ALBANY – More than 37,000 New Yorkers have signed up for health insurance since enrollment under the Affordable Care Act began Oct. 1, but many of them are going into the state’s Medicaid program rather than one of 16 private insurance carriers participating in the new federally mandated program.

State officials and private insurance executives say they anticipated the higher Medicaid enrollment under the health care law, and the state budget plan enacted this year projects higher federal reimbursement rates to make up for more people moving into Medicaid.

In the first three weeks of the “Obamacare” enrollment, 23,717 New Yorkers who went to a new state website to enroll for insurance ended up being steered to join Medicaid because their incomes were low enough to qualify.

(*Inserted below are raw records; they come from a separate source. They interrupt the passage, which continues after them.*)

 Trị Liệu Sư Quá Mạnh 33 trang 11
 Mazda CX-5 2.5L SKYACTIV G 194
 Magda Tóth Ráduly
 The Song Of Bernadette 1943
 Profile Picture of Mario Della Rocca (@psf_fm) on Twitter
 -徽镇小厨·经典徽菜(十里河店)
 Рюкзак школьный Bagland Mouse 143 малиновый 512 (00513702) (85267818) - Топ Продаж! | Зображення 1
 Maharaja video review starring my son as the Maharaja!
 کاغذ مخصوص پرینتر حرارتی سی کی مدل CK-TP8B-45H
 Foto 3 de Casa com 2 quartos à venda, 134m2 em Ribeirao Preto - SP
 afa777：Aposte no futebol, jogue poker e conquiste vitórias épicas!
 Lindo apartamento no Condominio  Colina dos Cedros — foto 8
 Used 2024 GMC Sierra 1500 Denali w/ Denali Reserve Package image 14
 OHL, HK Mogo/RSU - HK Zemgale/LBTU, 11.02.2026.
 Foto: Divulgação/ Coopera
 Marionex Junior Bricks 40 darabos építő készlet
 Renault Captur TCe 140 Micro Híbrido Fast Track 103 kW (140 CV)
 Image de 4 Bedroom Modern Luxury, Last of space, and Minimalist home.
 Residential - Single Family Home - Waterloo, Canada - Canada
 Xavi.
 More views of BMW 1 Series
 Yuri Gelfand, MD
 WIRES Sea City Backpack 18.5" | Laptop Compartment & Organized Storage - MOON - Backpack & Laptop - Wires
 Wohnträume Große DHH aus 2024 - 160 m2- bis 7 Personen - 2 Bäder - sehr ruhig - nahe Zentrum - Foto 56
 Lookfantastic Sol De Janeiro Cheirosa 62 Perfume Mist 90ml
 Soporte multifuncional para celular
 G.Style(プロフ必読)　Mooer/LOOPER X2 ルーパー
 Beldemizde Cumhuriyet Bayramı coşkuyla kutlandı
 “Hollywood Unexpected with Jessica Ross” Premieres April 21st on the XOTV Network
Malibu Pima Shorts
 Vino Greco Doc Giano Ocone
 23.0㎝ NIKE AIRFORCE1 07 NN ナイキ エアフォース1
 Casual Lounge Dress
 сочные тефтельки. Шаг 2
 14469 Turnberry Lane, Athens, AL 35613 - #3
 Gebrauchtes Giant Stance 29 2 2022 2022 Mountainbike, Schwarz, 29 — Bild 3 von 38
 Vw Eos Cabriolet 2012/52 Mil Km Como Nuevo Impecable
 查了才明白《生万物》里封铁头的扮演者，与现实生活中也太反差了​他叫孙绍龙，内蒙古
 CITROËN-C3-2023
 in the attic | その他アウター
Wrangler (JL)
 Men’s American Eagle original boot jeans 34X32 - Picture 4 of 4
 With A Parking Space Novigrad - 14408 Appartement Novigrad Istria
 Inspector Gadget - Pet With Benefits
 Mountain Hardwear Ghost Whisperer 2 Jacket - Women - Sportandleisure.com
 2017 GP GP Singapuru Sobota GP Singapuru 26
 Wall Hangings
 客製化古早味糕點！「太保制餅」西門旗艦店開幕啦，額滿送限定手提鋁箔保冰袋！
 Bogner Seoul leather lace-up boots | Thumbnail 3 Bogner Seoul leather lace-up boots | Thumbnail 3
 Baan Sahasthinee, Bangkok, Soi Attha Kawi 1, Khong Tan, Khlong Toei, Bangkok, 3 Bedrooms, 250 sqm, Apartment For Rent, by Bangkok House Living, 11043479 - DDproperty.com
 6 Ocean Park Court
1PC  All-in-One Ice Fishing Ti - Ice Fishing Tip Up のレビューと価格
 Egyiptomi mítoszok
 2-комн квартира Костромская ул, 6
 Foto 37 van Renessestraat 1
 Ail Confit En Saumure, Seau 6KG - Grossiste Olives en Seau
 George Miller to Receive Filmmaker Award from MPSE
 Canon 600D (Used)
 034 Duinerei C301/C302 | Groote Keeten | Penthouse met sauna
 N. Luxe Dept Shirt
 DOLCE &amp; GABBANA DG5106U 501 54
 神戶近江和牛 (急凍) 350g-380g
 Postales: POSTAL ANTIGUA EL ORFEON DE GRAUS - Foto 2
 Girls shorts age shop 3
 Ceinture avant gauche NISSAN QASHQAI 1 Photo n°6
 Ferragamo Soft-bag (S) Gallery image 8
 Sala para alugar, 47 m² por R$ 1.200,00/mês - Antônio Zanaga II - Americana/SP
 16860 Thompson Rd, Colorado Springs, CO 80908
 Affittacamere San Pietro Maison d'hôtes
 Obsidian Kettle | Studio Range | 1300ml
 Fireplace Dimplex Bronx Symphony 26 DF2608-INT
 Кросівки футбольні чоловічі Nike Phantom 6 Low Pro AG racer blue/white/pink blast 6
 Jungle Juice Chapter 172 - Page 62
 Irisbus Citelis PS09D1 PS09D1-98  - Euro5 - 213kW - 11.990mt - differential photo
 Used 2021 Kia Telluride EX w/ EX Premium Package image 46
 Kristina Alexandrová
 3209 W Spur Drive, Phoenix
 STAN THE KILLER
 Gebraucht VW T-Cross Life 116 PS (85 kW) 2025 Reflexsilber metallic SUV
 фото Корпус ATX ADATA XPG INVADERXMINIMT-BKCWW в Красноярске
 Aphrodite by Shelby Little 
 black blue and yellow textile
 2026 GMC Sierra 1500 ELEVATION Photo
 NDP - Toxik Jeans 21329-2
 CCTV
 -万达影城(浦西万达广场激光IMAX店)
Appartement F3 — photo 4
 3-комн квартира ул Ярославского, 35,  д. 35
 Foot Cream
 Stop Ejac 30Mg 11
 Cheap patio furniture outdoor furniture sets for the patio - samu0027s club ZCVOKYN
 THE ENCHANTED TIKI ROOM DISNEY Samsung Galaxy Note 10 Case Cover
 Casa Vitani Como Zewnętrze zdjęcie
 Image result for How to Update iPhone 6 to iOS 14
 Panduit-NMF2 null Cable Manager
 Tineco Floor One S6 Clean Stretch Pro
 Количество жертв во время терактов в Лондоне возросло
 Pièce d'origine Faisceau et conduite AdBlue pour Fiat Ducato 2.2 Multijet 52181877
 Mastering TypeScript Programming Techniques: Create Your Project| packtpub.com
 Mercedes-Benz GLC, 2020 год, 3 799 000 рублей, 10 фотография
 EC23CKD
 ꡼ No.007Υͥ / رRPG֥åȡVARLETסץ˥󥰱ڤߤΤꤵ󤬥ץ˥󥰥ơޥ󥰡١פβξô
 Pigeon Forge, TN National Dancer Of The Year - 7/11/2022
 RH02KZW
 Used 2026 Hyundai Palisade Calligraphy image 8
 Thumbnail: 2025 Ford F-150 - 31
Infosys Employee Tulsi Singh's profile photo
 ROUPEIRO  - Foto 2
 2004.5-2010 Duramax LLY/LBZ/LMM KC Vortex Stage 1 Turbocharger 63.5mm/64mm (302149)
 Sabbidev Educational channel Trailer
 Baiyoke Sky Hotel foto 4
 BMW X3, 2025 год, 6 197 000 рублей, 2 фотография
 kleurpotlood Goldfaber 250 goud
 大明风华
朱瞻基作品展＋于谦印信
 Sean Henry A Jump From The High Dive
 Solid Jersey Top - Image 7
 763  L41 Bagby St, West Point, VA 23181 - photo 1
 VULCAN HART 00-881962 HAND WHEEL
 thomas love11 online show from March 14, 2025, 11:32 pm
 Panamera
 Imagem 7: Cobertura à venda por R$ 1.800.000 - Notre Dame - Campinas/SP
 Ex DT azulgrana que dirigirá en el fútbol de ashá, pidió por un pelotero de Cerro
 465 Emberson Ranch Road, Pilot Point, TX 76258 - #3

In all, 13,313 New Yorkers have enrolled for health coverage with one of the 16 private insurance carriers participating. While the state has begun giving carriers overall numbers, insurance industry officials cautioned that few of the 13,313 have actually gone through the final process with the companies to become officially enrolled.

Insurance companies also say the major technological glitches have been resolved. In the early few days of the program, the state’s website crashed often as people could not get onto the page to shop or sign up for insurance. That problem is still affecting the larger, federally administered system being used to enroll people in 36 states without their own sign-up system.

Leslie S. Moran, senior vice president at the New York Health Plan Association, which represents many of the private companies involved in the state’s program under the health care law, said the state and industry have been having regular teleconferences to settle issues that have arisen.

“We’ve had a real good relationship and therefore an ability to flag problems very quickly and work to make sure they get fixed very quickly,” she said.

Moran said the enrollment numbers provided by the state are still a work in progress. “It doesn’t mean a bill has been generated for a premium or that we’ve captured that person and enrolled them yet. But for all intents and purposes, 37,000 New Yorkers have gone on the website and done more than shop. They’ve selected a plan in which to enroll,” she said.

The state’s Medicaid program costs $55.7 billion, including the money counties pay into the system. The state’s enacted budget plan from Gov. Andrew M. Cuomo’s fiscal office projects Medicaid enrollment to rise by 7.3 percent, to 5.6 million people, by 2014. The budget document also anticipates the federal government picking up a higher portion of Medicaid expenses because officials knew that more people were likely to end up going into that program rather than one through an insurance exchange.

Moran said that many of those new Medicaid enrollees who thought they were signing up for one of the private insurance plans under “Obamacare” are an easier population to reach with word about the new system because they likely are already receiving some sort of assistance, such as food stamps.

“Part of the Affordable Care Act was to expand eligibility of Medicaid and to capture people eligible for Medicaid but who were not already in that program,” she said.

The state has projected that 1.1 million people will get insurance under “Obamacare” in the first three years.

State health officials say 174,000 New Yorkers have completed an application for insurance. But that does not mean all will end up being enrolled.